But these disclaimers are not at all the same! The scientist’s—or the carpenter’s, for that matter—implicit disclaimer is: “This number is subject to this uncertainty interval, but there is a rigorous argument why it cannot be outside that range.” On the other hand, your disclaimer is: “This number was devised using an intuitive and arbitrary procedure that doesn’t provide any rigorous argument about the range it must be in.”
And if I may be permitted such a comment, I do see lots of instances here where people seem to forget about this disclaimer, and write as if they believed that they could actually become Bayesian inferers, rather than creatures who depend on capricious black-box circuits inside their heads to make any interesting judgment about anything, and who are (with the present level of technology) largely unable to examine the internal functioning of these boxes and improve them.
Here’s the way I do it: I think approximately in terms of the following “scale” of improbabilities:
I don’t think such usage is unreasonable, but I think it falls under what I call using numbers as vague figures of speech.
To give some sense of the problem, if such calibration were possible, then why not calibrate yourself to generate accurate probabilities about the stock market movements and bet on them? It would be an easy and foolproof way to get rich.
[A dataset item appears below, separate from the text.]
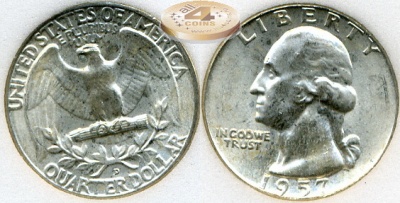 США. 25 центов. 1957 D  (BU. Серебро / MS-67, слаб)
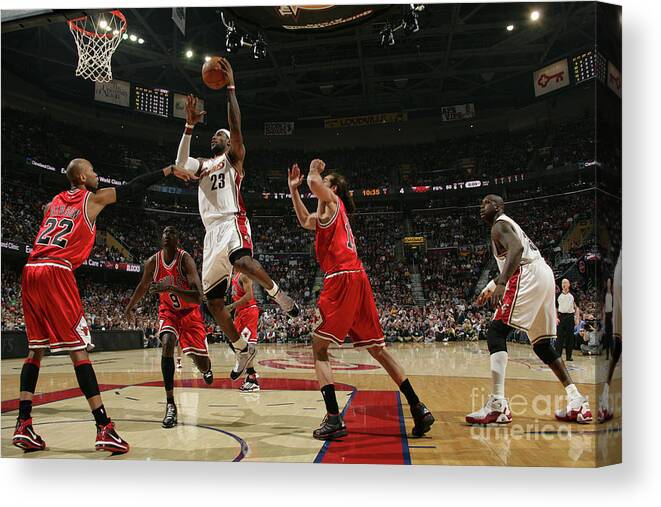 Playoffs Canvas Print featuring the photograph Chicago Bulls V Cleveland Cavaliers by David Liam Kyle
I think this statement reflects either an ignorance of finance or the Dark Arts.
First, the stock market is the single worst place to try to test out ideas about probabilities, because so many other people are already trying to predict the market, and so much wealth is at stake. Other people’s predictions will remove most of the potential for arbitrage (reducing ‘signal’), and the insider trading and other forms of cheating generated by the potential for quick wealth will further distort any scientifically detectable trends in the market (increasing ‘noise’). Because investments in the stock market must be made in relatively large quantities to avoid losing your money through trading commissions, a causal theory tester is likely to run out of money long before hitting a good payoff even if he or she is already well-calibrated.
Of course, in real life, people might be moderately-calibrated. The fact that one is capable of making some predictions with some accuracy and precision is not a guarantee that one will be able to reliably and detectably beat even a thin market like a political prediction clearinghouse. Nevertheless, some information is often better than none: I am (rationally) much more concerned about automobile accidents than fires, despite the fact that I know two people who have died in fires and none who have died in automobile accidents. I know this based on my inferences from published statistics, the reliability of which I make further inferences about. I am quite confident (p ~ .95) that it is sensible to drive defensively (at great cost in effort and time) while essentially ignoring fire safety (even though checking a fire extinguisher or smoke detector might take minimal effort.)
I don’t play the stock market, though. I’m not that well calibrated, and probably nobody is without access to inside info of one kind or another.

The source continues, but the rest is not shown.